▸ Dataset extract:
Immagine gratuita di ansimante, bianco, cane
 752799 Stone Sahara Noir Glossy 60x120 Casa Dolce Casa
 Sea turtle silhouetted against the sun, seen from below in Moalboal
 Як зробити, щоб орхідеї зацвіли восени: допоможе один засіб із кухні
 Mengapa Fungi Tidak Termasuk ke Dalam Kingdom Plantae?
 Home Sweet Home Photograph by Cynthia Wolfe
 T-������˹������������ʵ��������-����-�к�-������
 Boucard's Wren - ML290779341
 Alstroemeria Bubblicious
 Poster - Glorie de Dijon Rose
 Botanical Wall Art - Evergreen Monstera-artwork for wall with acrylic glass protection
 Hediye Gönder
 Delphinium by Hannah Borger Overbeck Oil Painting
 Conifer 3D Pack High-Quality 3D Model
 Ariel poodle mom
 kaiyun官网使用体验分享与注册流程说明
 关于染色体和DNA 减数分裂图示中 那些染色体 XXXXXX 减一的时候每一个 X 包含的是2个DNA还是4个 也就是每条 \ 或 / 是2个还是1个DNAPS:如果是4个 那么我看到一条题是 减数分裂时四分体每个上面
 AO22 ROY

▸ Your assignment: Exactly as written, output all of the entries.

▸ Answer to this exercise:
Immagine gratuita di ansimante, bianco, cane
 752799 Stone Sahara Noir Glossy 60x120 Casa Dolce Casa
 Sea turtle silhouetted against the sun, seen from below in Moalboal
 Як зробити, щоб орхідеї зацвіли восени: допоможе один засіб із кухні
 Mengapa Fungi Tidak Termasuk ke Dalam Kingdom Plantae?
 Home Sweet Home Photograph by Cynthia Wolfe
 T-������˹������������ʵ��������-����-�к�-������
 Boucard's Wren - ML290779341
 Alstroemeria Bubblicious
 Poster - Glorie de Dijon Rose
 Botanical Wall Art - Evergreen Monstera-artwork for wall with acrylic glass protection
 Hediye Gönder
 Delphinium by Hannah Borger Overbeck Oil Painting
 Conifer 3D Pack High-Quality 3D Model
 Ariel poodle mom
 kaiyun官网使用体验分享与注册流程说明
 关于染色体和DNA 减数分裂图示中 那些染色体 XXXXXX 减一的时候每一个 X 包含的是2个DNA还是4个 也就是每条 \ 或 / 是2个还是1个DNAPS:如果是4个 那么我看到一条题是 减数分裂时四分体每个上面
 AO22 ROY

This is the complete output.